■ Task goal: In the listing below, find the line with "フィアット 500 1.2 ポップの中古車" and copy every line from there up to and including the line with "chanukah photo", exactly and without pictures.

■ Task material:

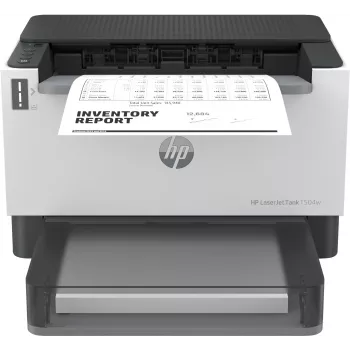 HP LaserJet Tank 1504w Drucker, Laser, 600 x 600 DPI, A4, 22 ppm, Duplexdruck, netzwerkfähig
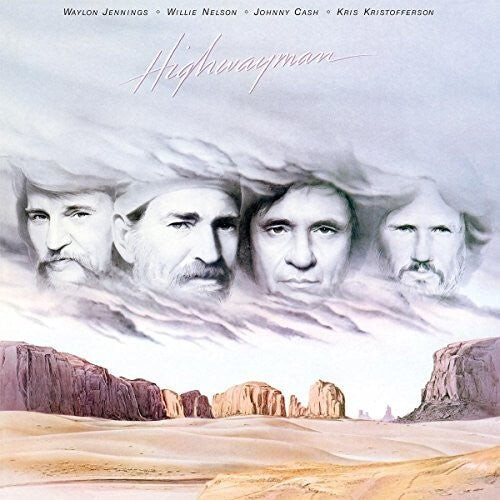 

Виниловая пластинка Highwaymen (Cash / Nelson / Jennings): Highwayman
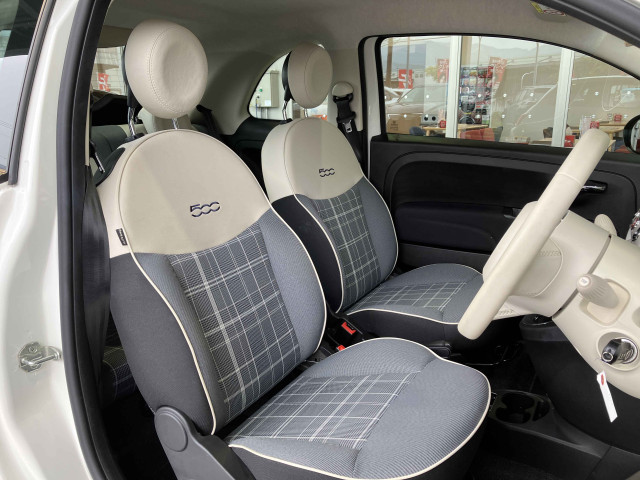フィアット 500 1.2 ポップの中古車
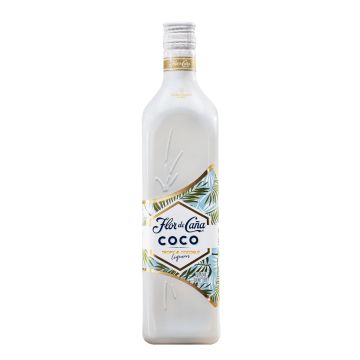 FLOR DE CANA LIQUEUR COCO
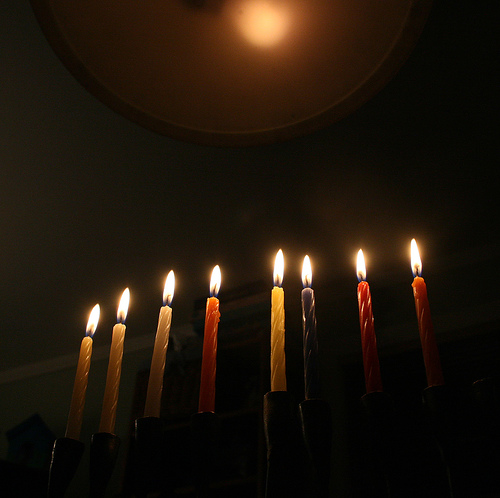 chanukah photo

---

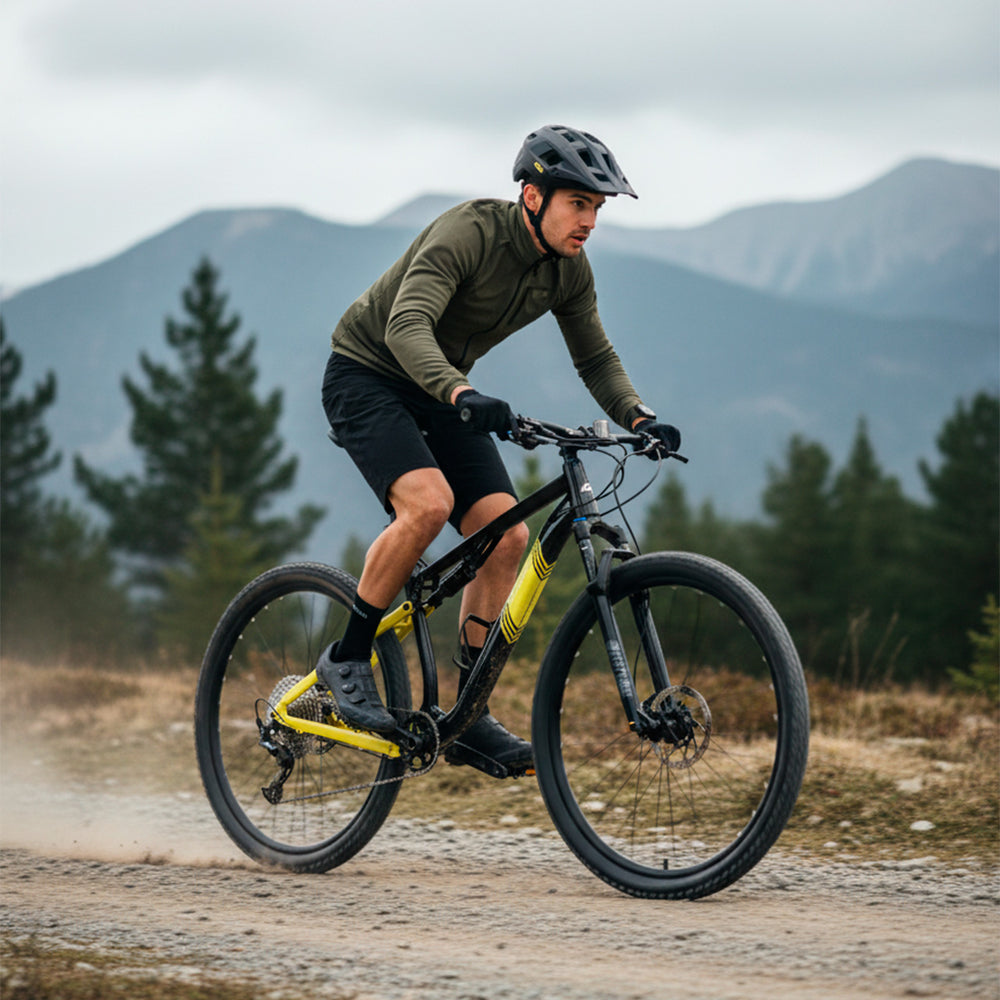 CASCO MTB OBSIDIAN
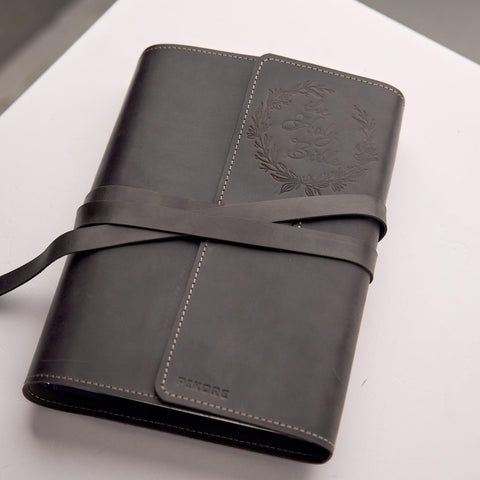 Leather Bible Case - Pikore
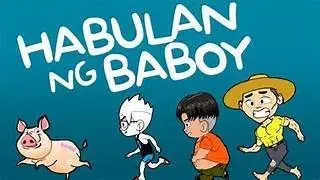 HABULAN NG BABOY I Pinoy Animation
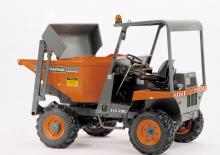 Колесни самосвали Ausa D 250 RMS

■ Your response:
フィアット 500 1.2 ポップの中古車
 FLOR DE CANA LIQUEUR COCO
 chanukah photo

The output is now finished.